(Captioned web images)
────

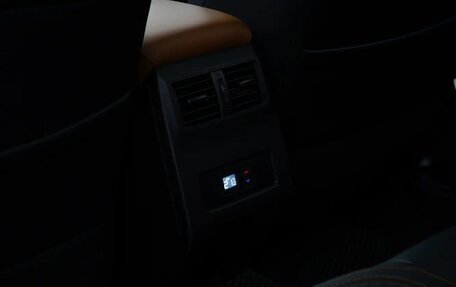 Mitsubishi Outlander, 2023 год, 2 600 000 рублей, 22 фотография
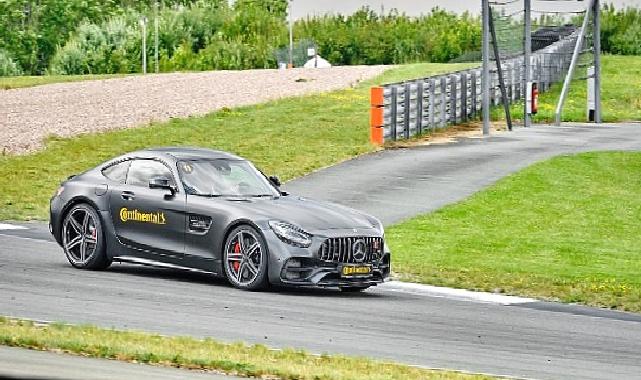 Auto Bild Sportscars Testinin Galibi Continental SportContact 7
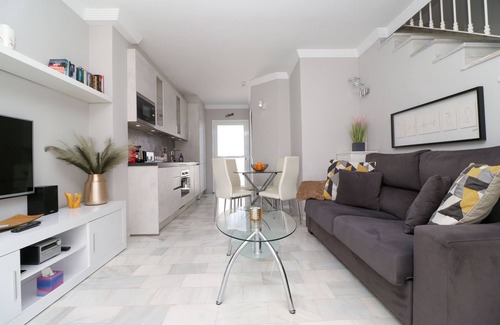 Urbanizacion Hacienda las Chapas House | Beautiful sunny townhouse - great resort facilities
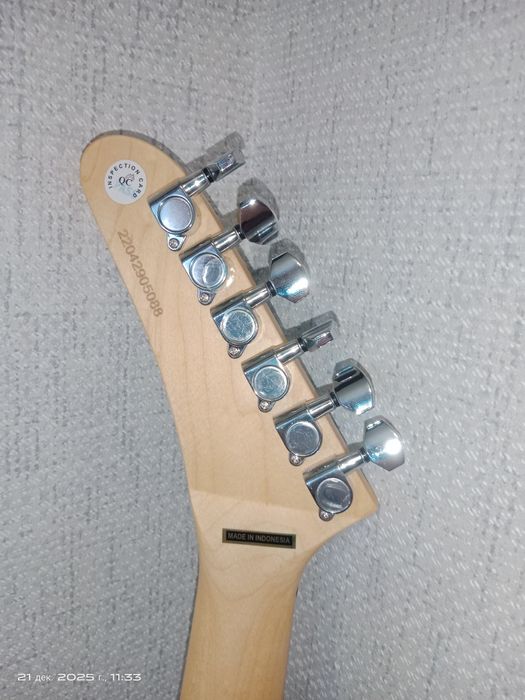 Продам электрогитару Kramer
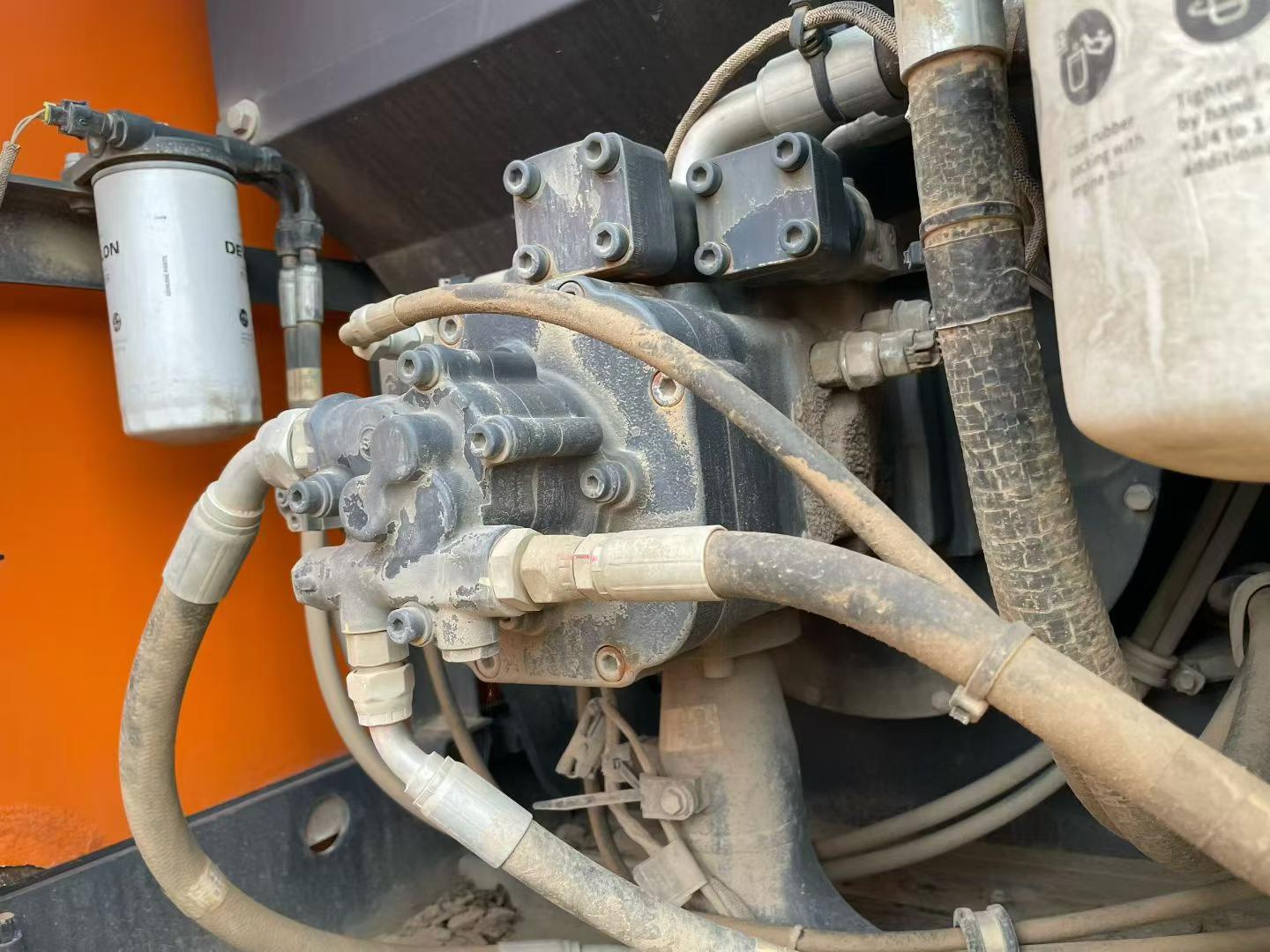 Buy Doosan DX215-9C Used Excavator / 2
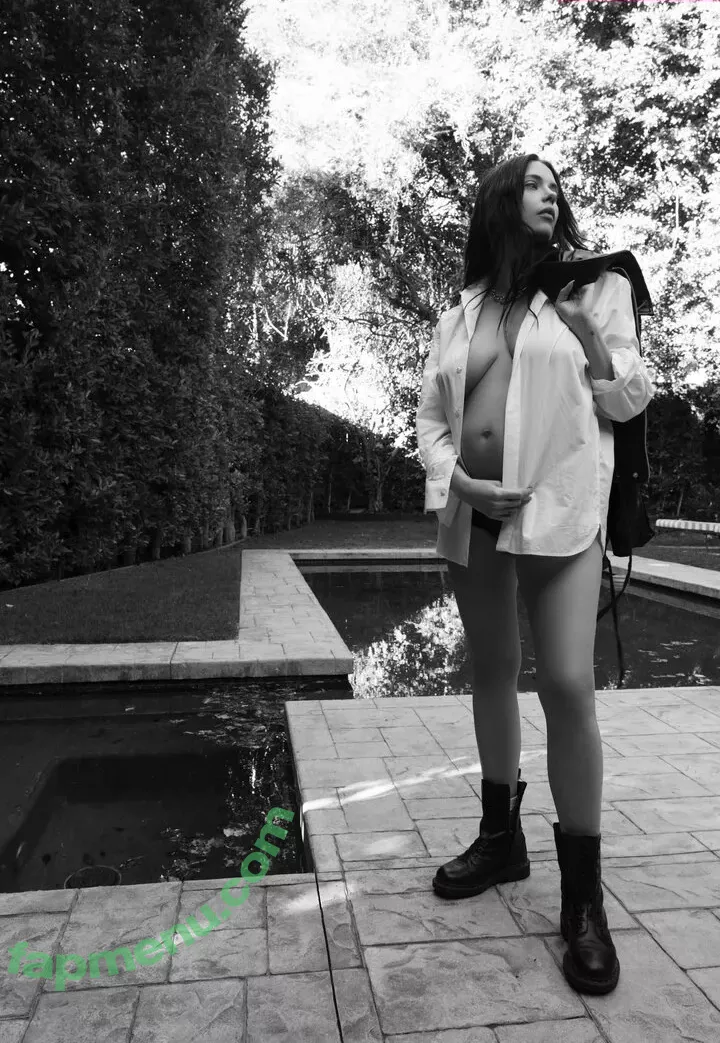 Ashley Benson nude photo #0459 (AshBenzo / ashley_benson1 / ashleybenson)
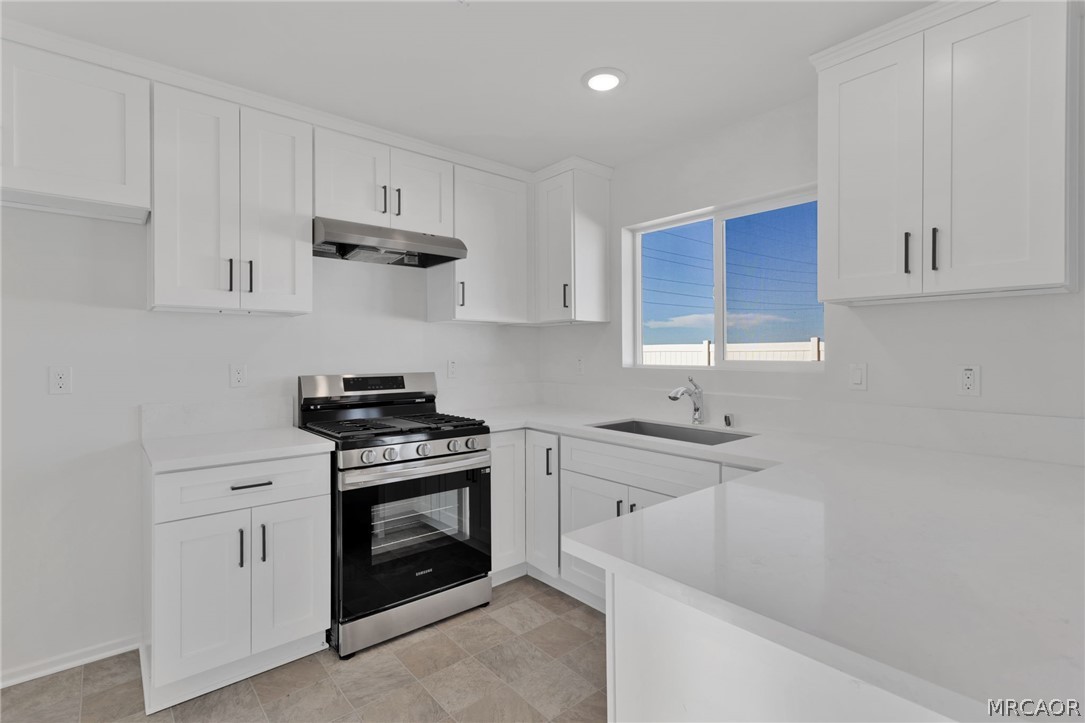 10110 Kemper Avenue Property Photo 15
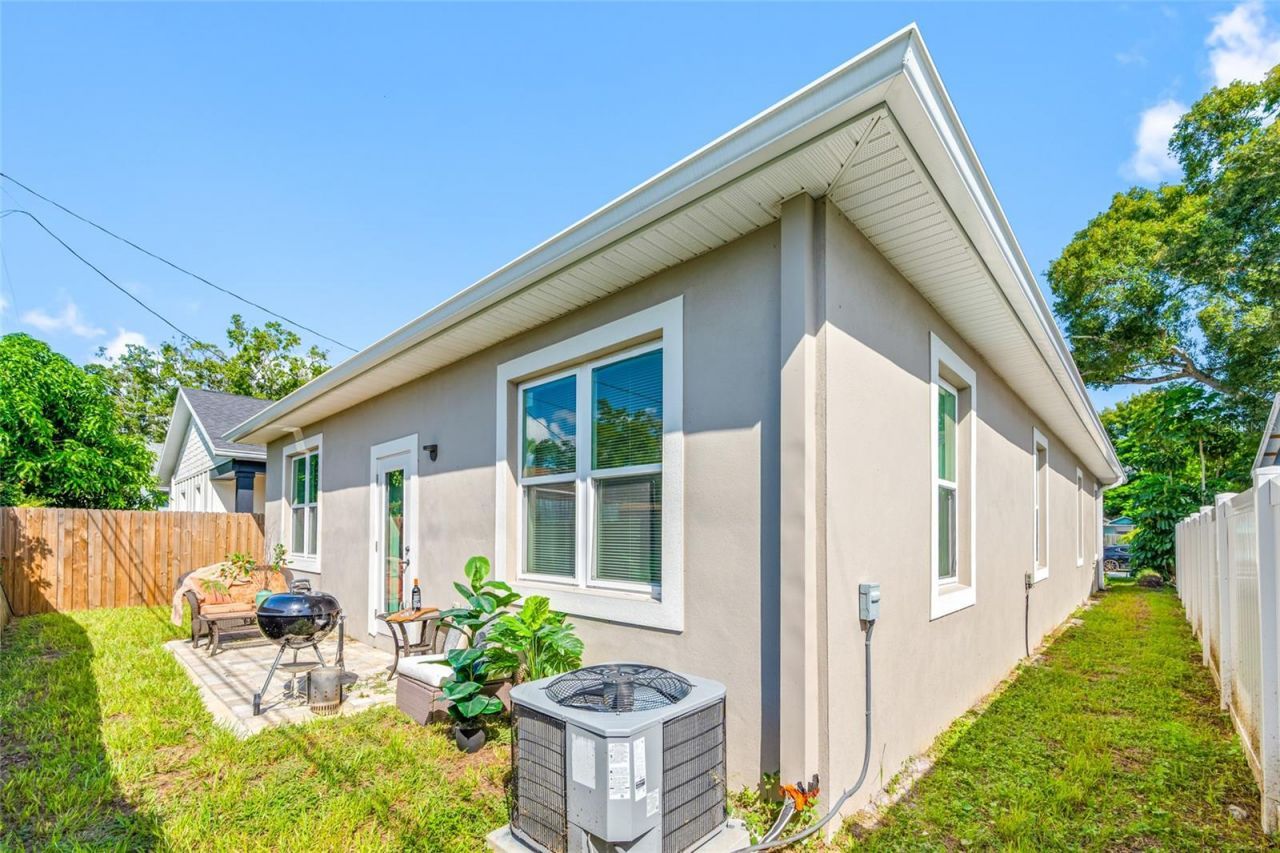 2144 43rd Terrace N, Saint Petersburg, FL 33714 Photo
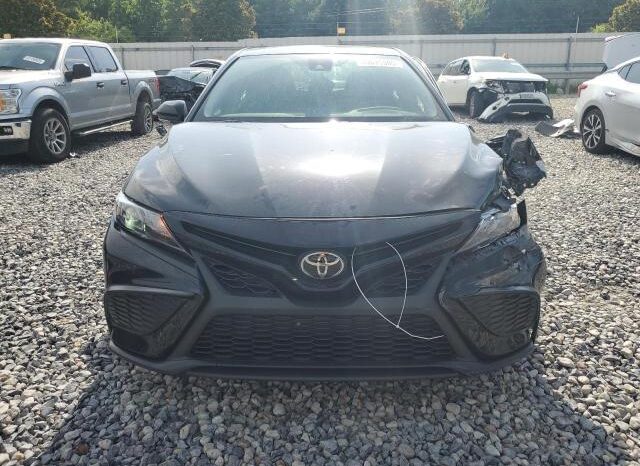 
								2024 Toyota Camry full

────

Required action - Although pictures appear among the entries, please set down only the lines from the one with "Auto Bild Sportscars" up to and including the one with "2144 43rd Terrace", word for word.

Solved problem -
 Auto Bild Sportscars Testinin Galibi Continental SportContact 7
 Urbanizacion Hacienda las Chapas House | Beautiful sunny townhouse - great resort facilities
 Продам электрогитару Kramer
 Buy Doosan DX215-9C Used Excavator / 2
 Ashley Benson nude photo #0459 (AshBenzo / ashley_benson1 / ashleybenson)
 10110 Kemper Avenue Property Photo 15
 2144 43rd Terrace N, Saint Petersburg, FL 33714 Photo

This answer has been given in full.